Thailand’s First ICO … But The Next Will Have To Wait

Thailand’s First ICO … But The Next Will Have To Wait

Cryptocurrency enthusiasts in Thailand have mixed feelings today as their first homegrown initial coin offering, JFin coin, is enjoying a successful pre-sale but, at the same time regulators, have put the brakes on any further ICOs.

While JFin have already achieved over 80% of hard cap in pre-sale, which was originally due to last until the end of the month, the central bank of Thailand has now requested all financial organisations to cease facilitating cryptocurrency transactions.

Authorities Seeking to Buy Time

As a result, banks have been asked not to sell or invest in cryptocurrencies, make exchange transactions or create platforms for trade.

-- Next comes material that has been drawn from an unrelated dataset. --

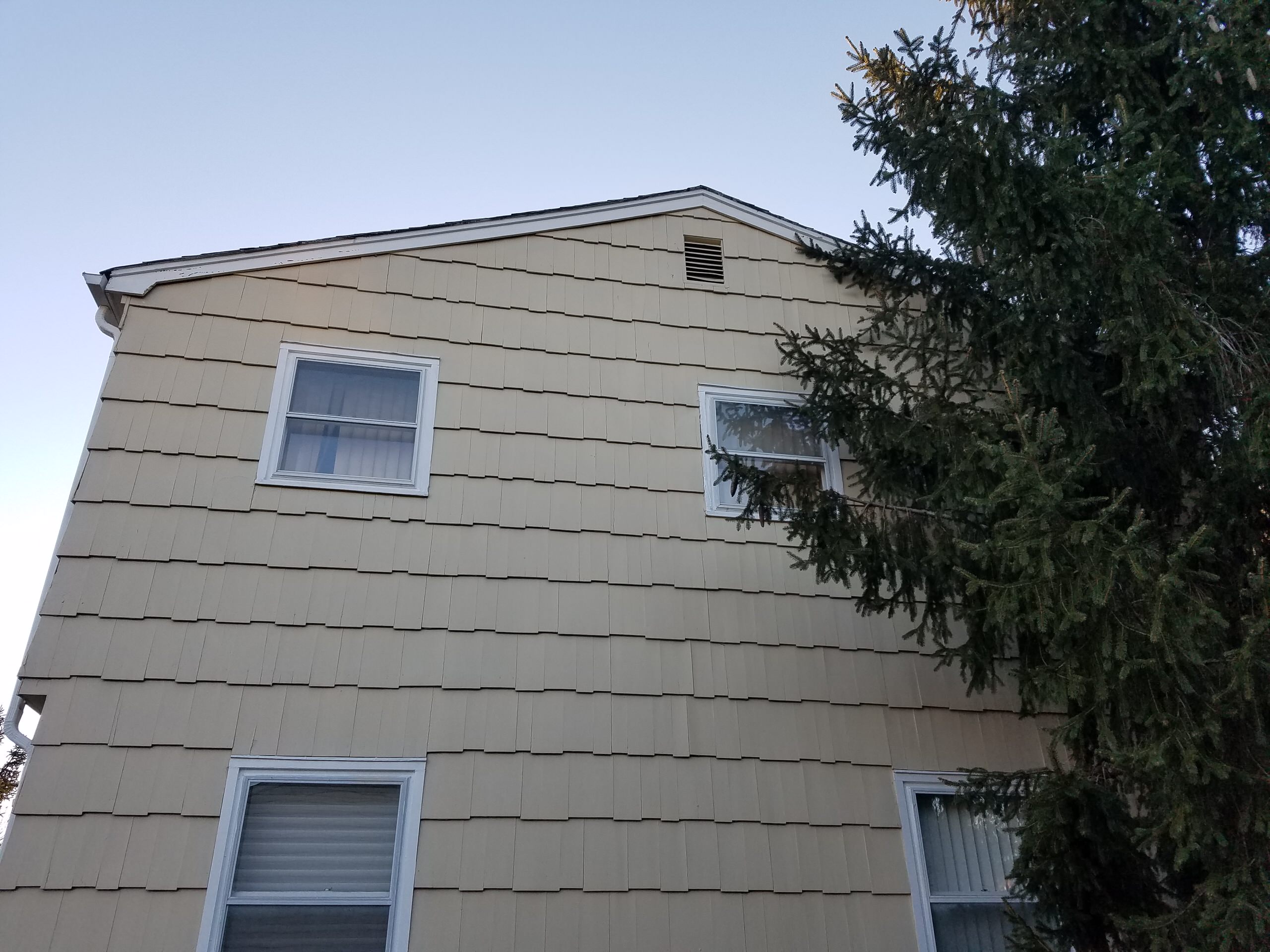 New Windows, Vinyl Siding, and Gutters at Gunpowder Drive in East Brunswick, NJ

The withdrawal of services includes not providing loans to customers who intend to purchase digital currencies or tokens.

Stopping short of a ban, the central bank’s request is undoubtedly intended to slow the uptake of blockchain assets in the country.

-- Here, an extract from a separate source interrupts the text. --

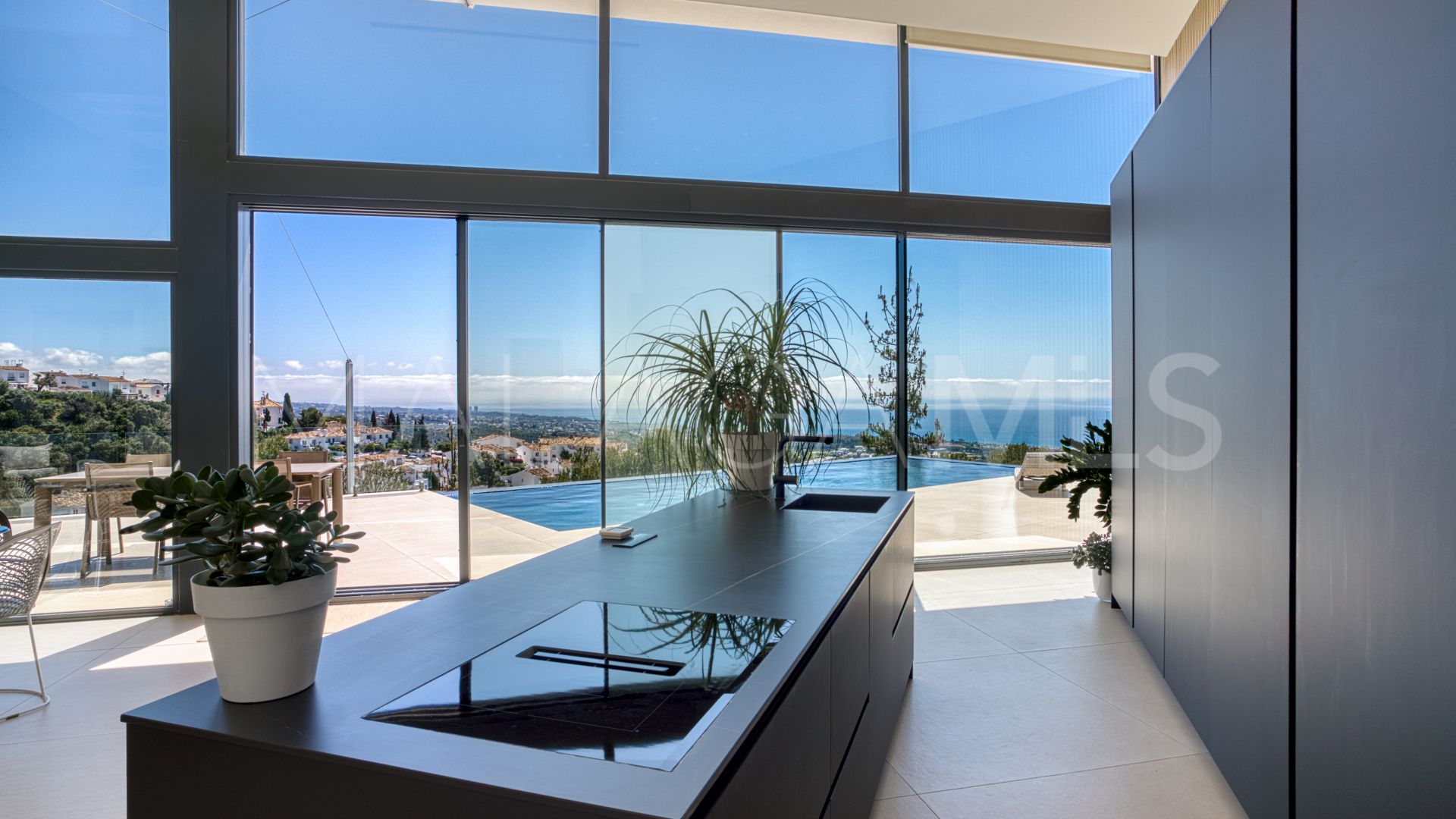 Villa for sale in Los Altos de los Monteros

As Thailand’s Finance Minister, Apisak Tantivorawong, acknowledged, although regulators cannot stop the use of virtual currencies they will seek to “… coherently regulate them in the near future.”

To narrow that timeframe, he went on to state that  “… a regulatory framework to govern digital currencies will become clearer within a month.”

Although not referring to JFin or ICOs directly, any further coin sales will likely have to wait for those regulations to be confirmed before being allowed to proceed.

JFin is a decentralised peer to peer lending system and comes under the umbrella of companies run by Jay Mart PCL who are listed on Thailand’s Stock Exchange.

According to a report in the Bangkok Post, Jay Mart chief executive Adisak Sukhumvitaya said after a meeting on Tuesday with the central bank, “The central bank did not impede our ICO plan.” 

Purchases of the utility token can only be made in Thai Baht through the TDAX platform.